* Problem
Go to the line that contains "Danny Vukovic of" in the records below and repeat it, and each line after it, exactly through the end, omitting pictures.

─── The input

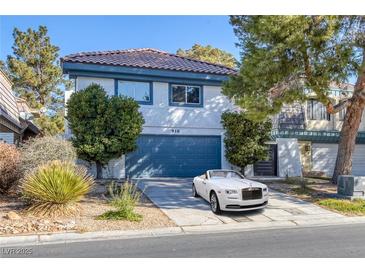 Two-story home boasts a tile roof, tidy landscaping, and a blue garage door, with a luxury car parked in the driveway at 916 Vegas Valley Dr, Las Vegas, NV 89109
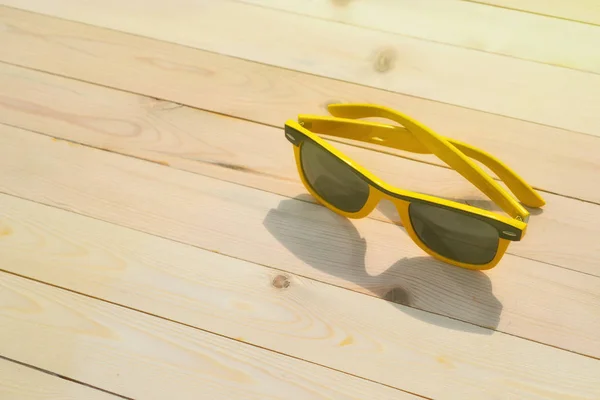 Gafas de sol sobre la mesa con cielo reflectante — Foto de Stock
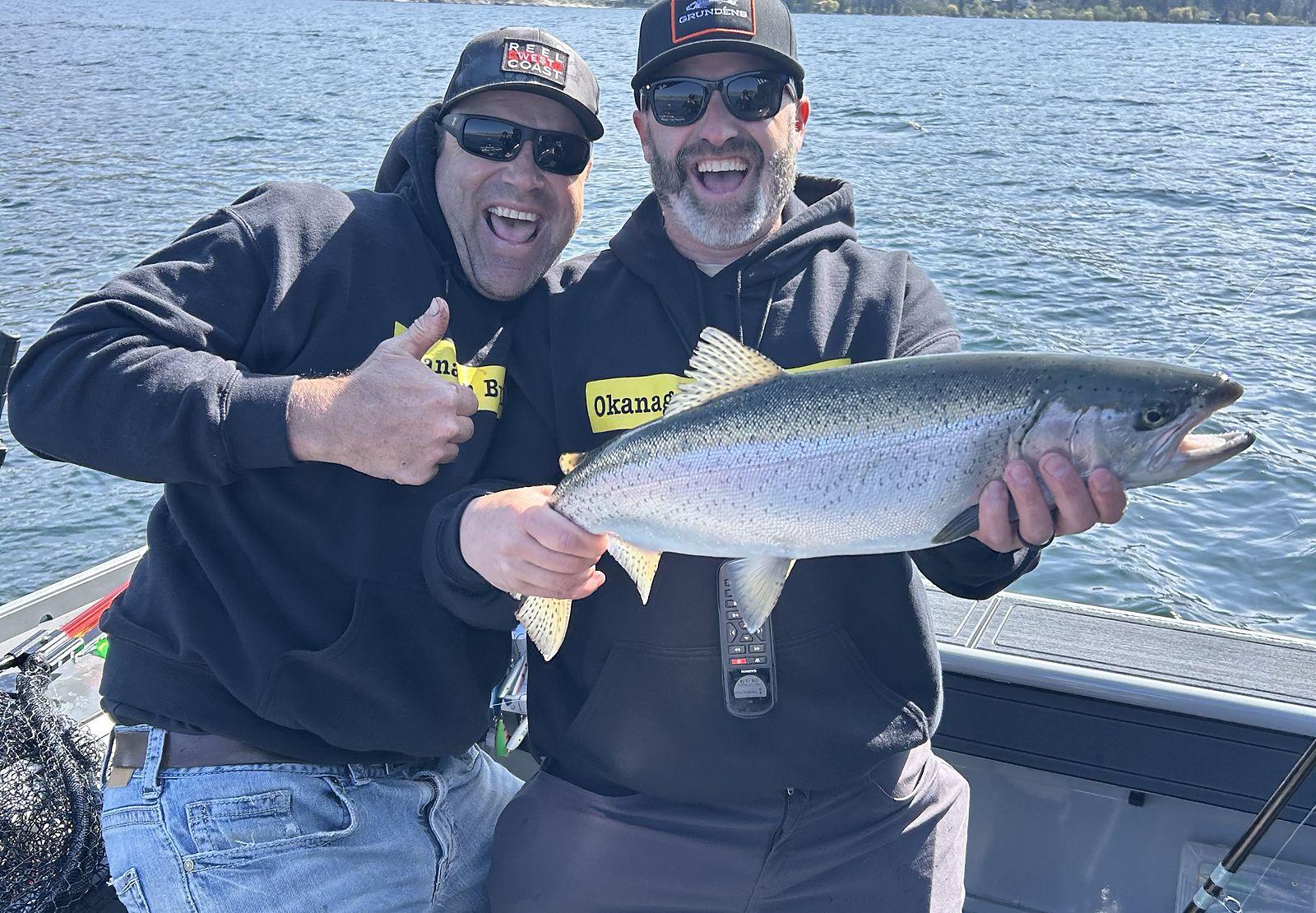 Two anglers with a rainbow trout on a Kelowna fishing charter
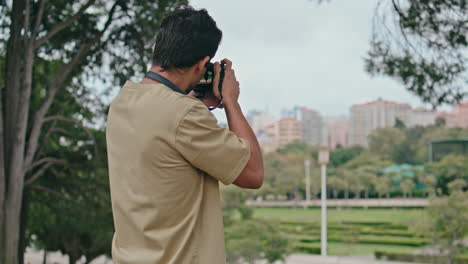 urban photographer making photo cityscape in park closeup. tourist photographing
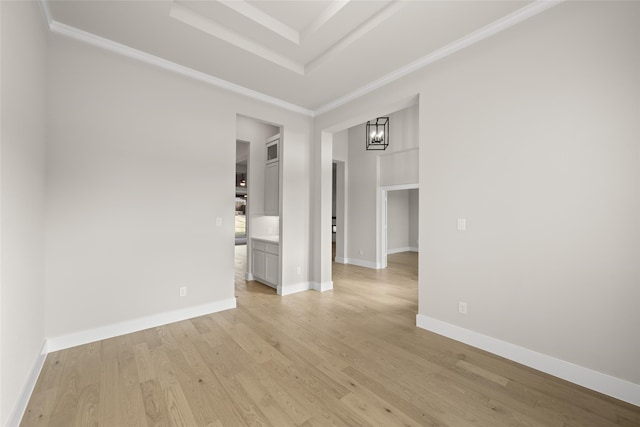 spare room with light hardwood / wood-style floors, a tray ceiling, and a notable chandelier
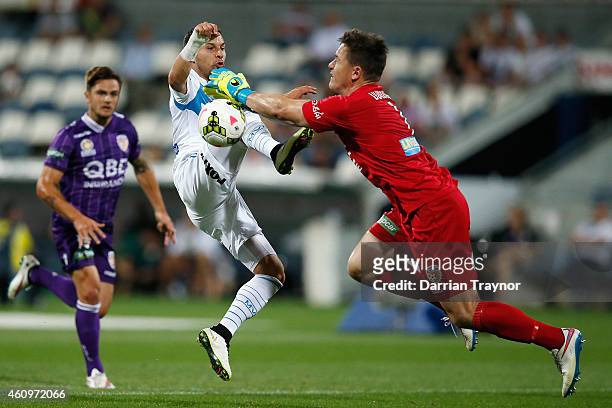 Danny Vukovic of Perth Glory stops a Kosta Barbarouses of Melbourne Victory shot at goal during the round 14 A-League match between the Melbourne...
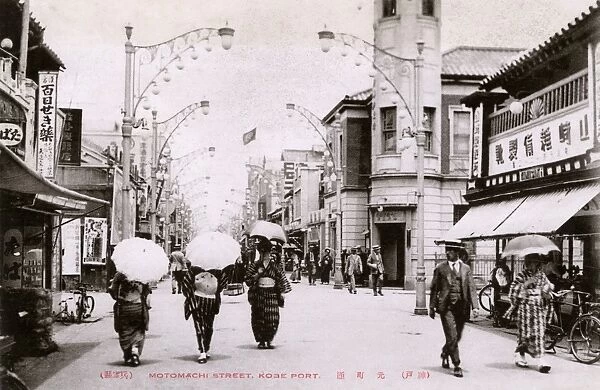 Street scene with parasols in Kobe, Japan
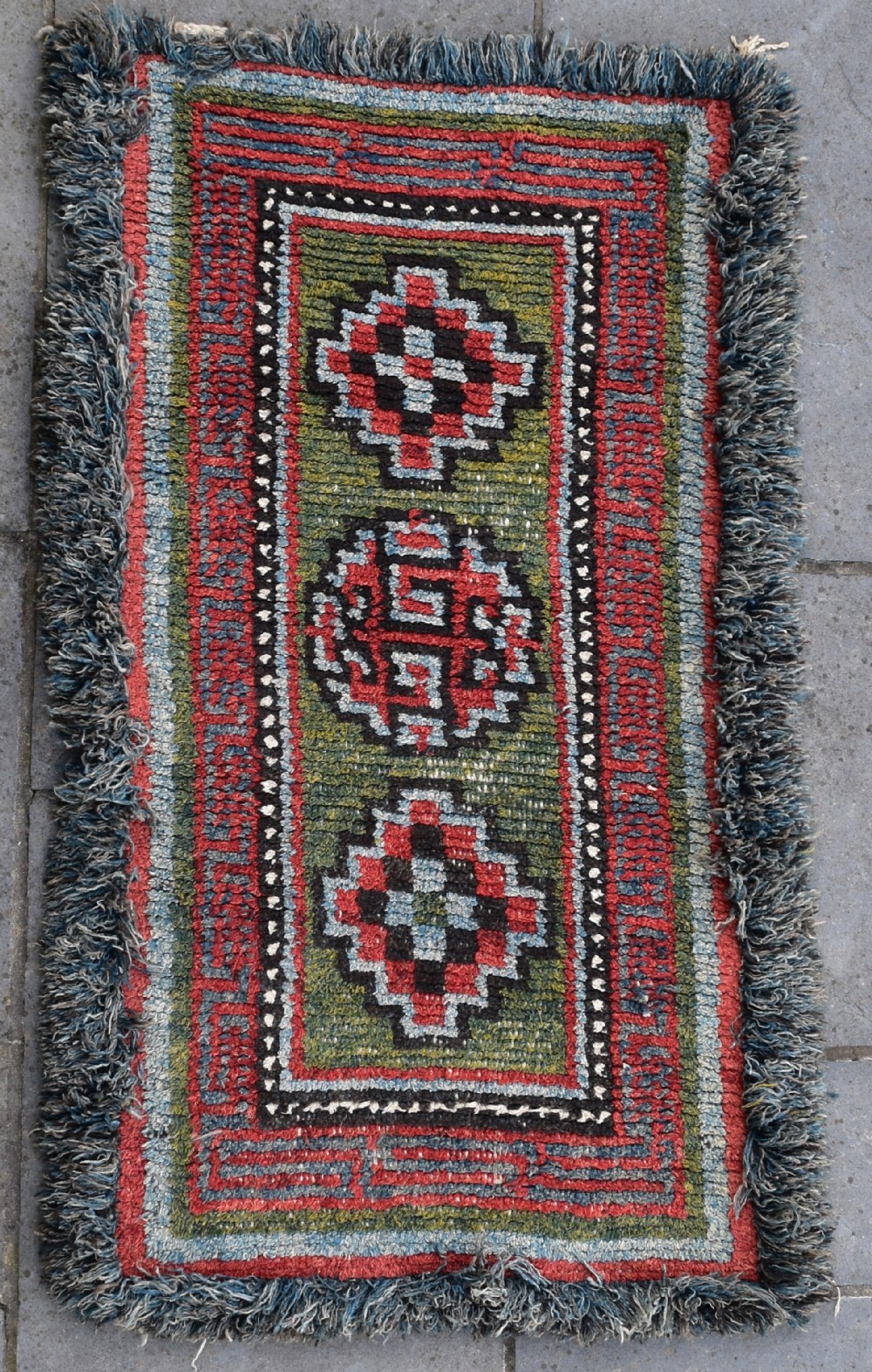 A rare green ground monastic seating mat from the Wangden valley, Tibet.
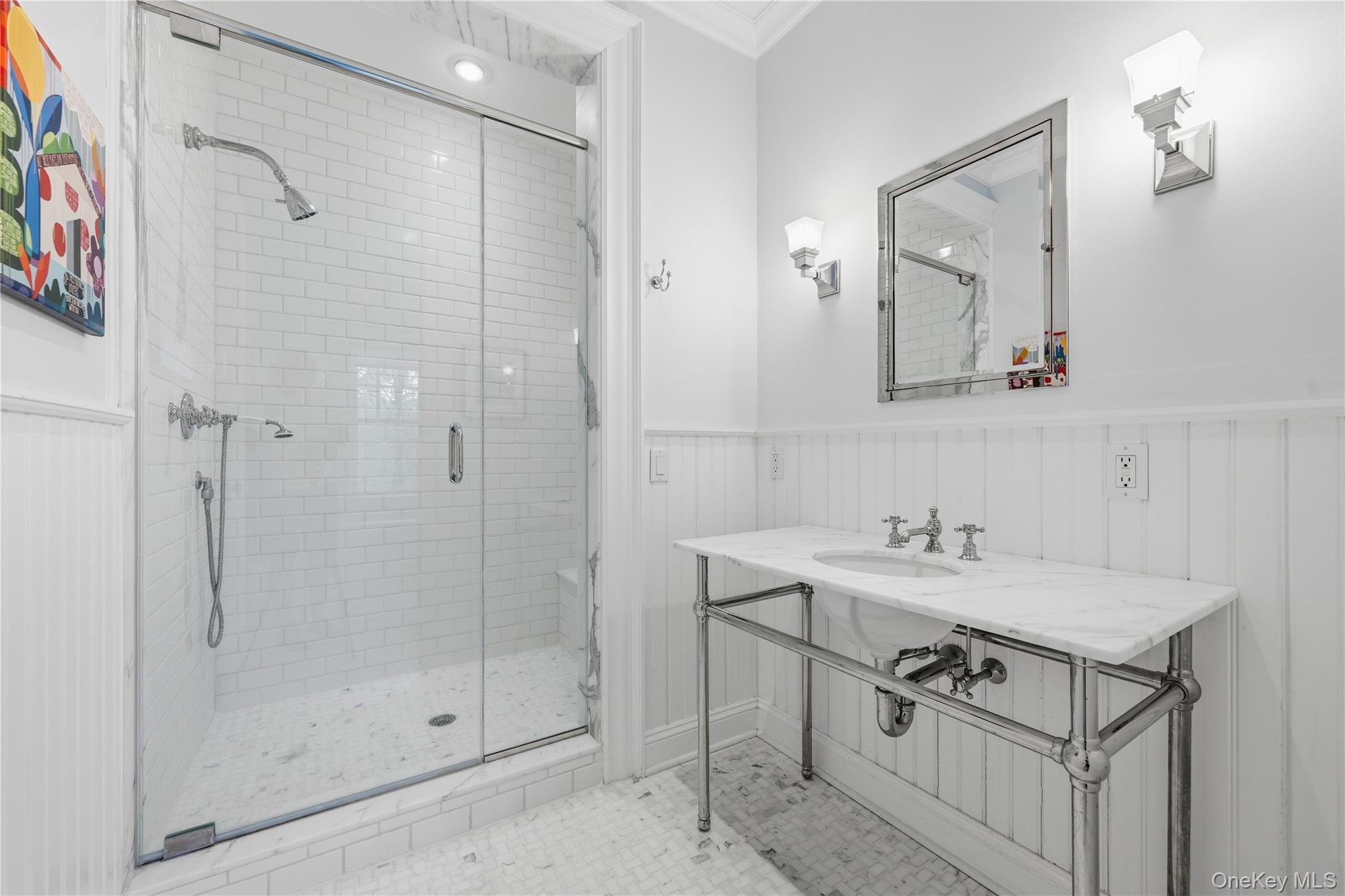 16 Wrights Mill Road Armonk, NY 10504 - Photo 30 of 49 a bathroom with a sink a mirror a vanity and a shower
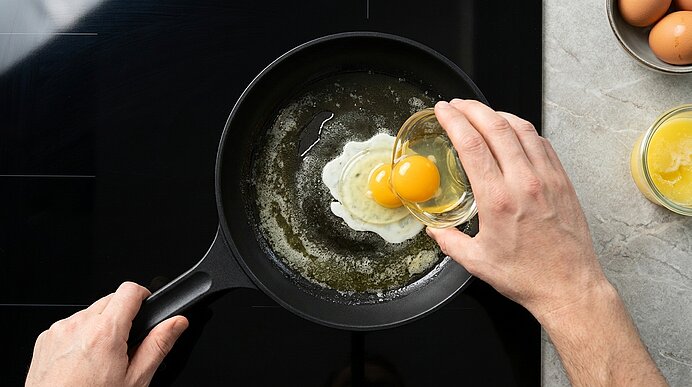 Hände halten eine Pfanne und gießen zwei aufgeschlagene Eier aus einer Glasschale in heißes Butterfett in der Pfanne.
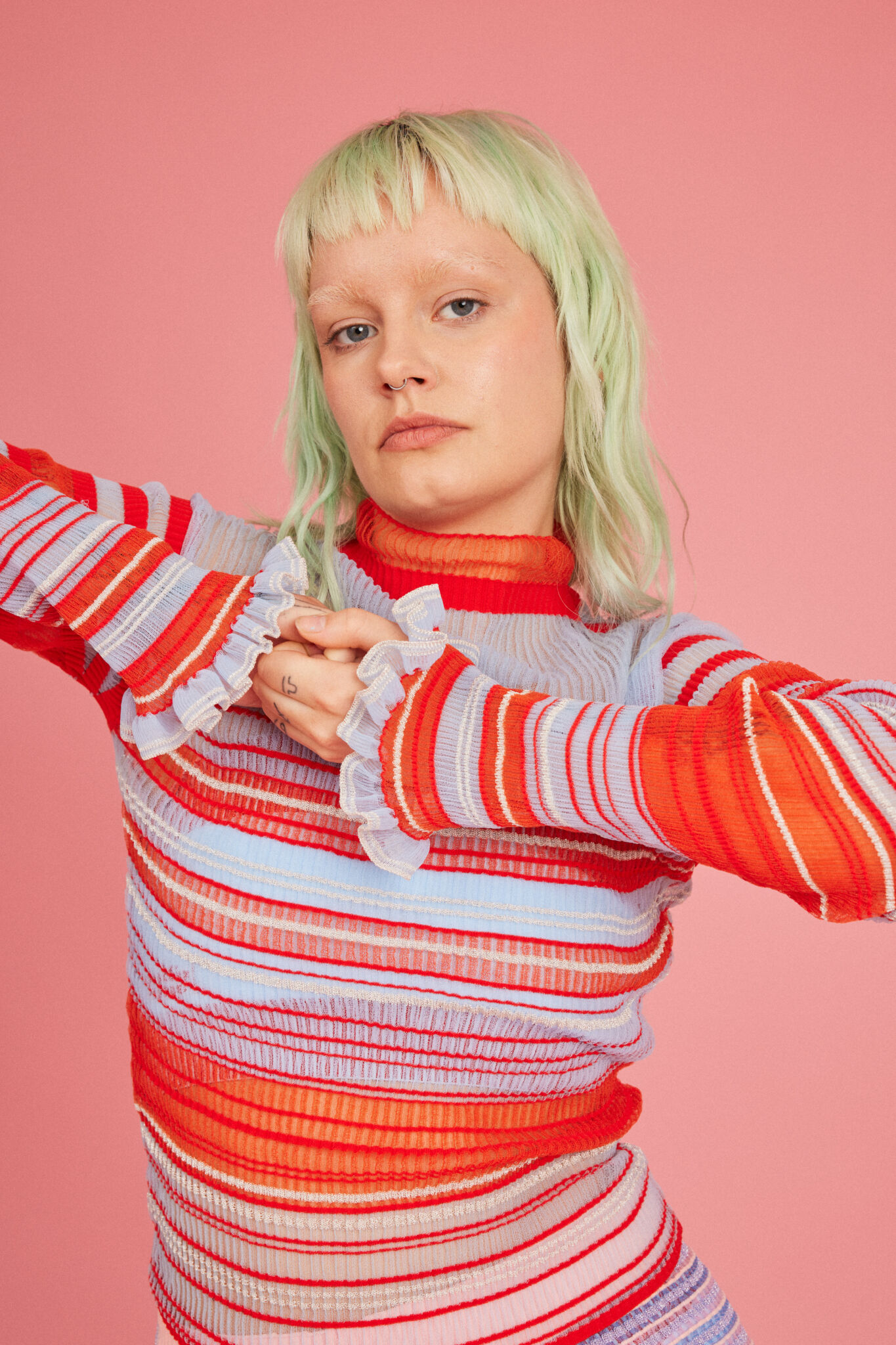 Loveable Loop shot by Amelia Lourie. Sweet Secret Jumper in coral red. Transparent and responsible knitwear clothing.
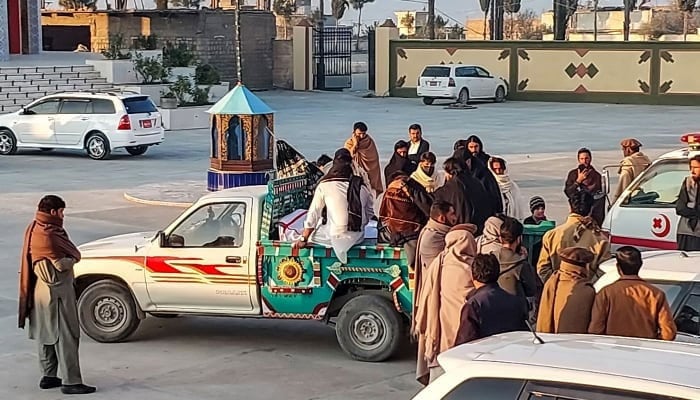 Relatives transport a dead body of a victim who was killed in Kurram district at a mosque in Parachinar, the mountainous Khyber Pakhtunkhwa province, on November 22, 2024. — AFP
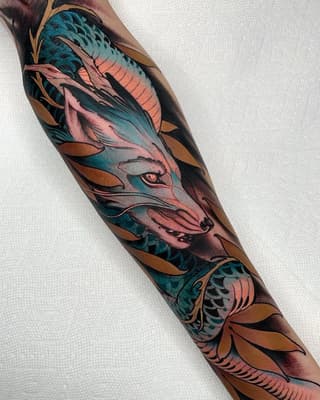 Colorful dragon and fox mask tattoo on forearm featuring teal, pink, gold, and bronze tones with scaled and feathered details.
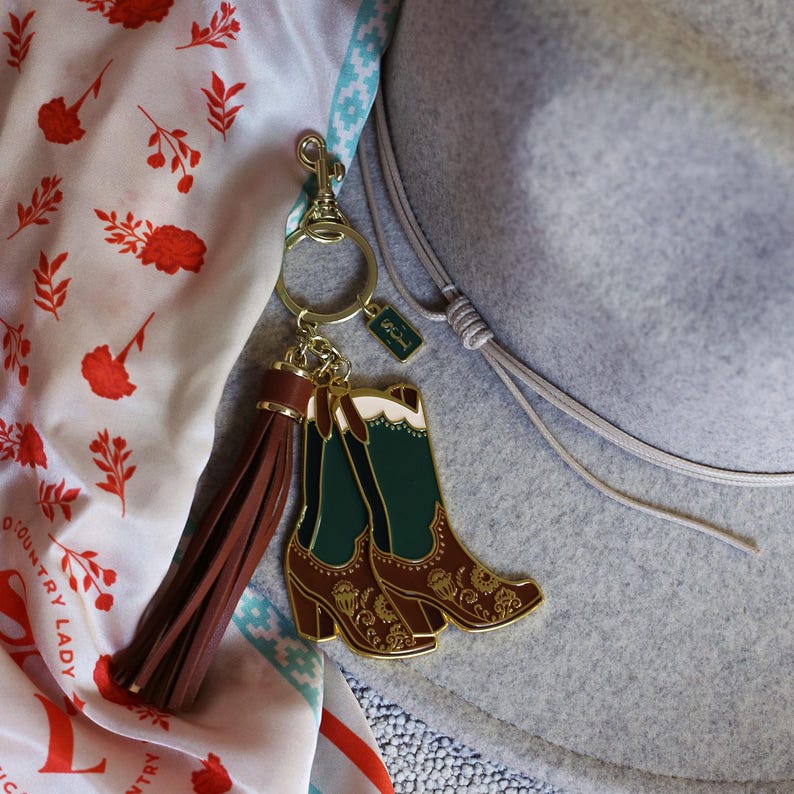 May include: A gold-tone keychain with a brown leather tassel and a charm of two green and brown cowboy boots. The boots have gold embroidery and a white accent at the top.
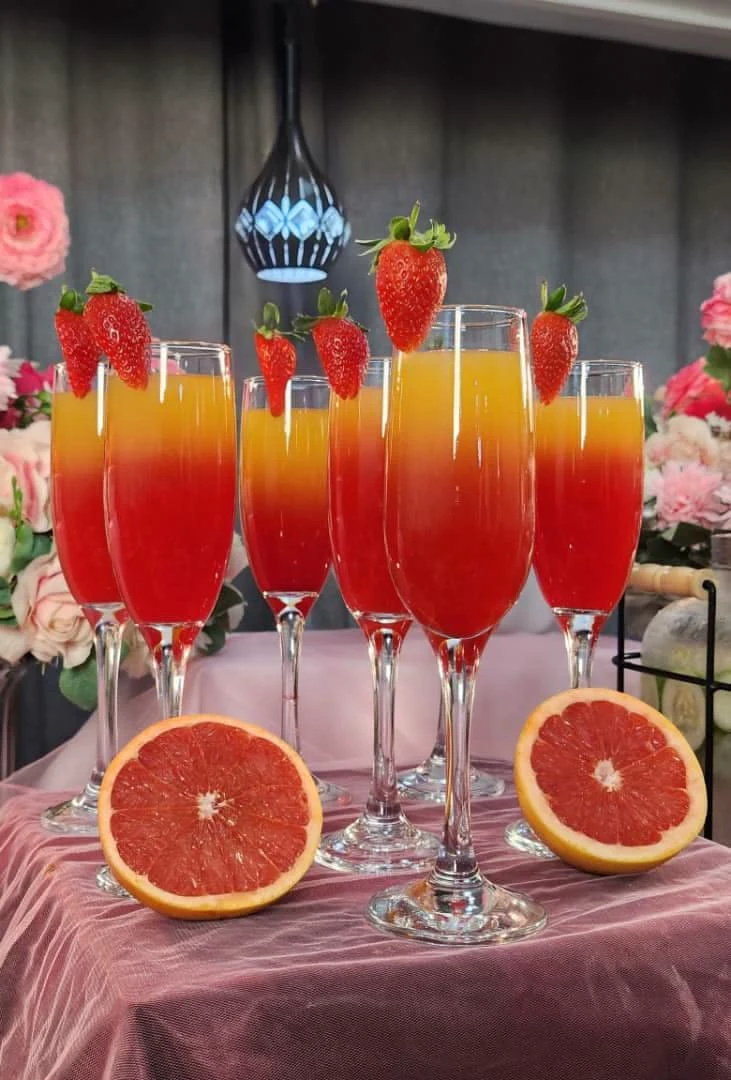 Strawberry-garnished sunrise drinks in champagne flutes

──────

* Exercise response
 Danny Vukovic of Perth Glory stops a Kosta Barbarouses of Melbourne Victory shot at goal during the round 14 A-League match between the Melbourne...
 Street scene with parasols in Kobe, Japan
 A rare green ground monastic seating mat from the Wangden valley, Tibet.
 16 Wrights Mill Road Armonk, NY 10504 - Photo 30 of 49 a bathroom with a sink a mirror a vanity and a shower
 Hände halten eine Pfanne und gießen zwei aufgeschlagene Eier aus einer Glasschale in heißes Butterfett in der Pfanne.
 Loveable Loop shot by Amelia Lourie. Sweet Secret Jumper in coral red. Transparent and responsible knitwear clothing.
 Relatives transport a dead body of a victim who was killed in Kurram district at a mosque in Parachinar, the mountainous Khyber Pakhtunkhwa province, on November 22, 2024. — AFP
 Colorful dragon and fox mask tattoo on forearm featuring teal, pink, gold, and bronze tones with scaled and feathered details.
 May include: A gold-tone keychain with a brown leather tassel and a charm of two green and brown cowboy boots. The boots have gold embroidery and a white accent at the top.
 Strawberry-garnished sunrise drinks in champagne flutes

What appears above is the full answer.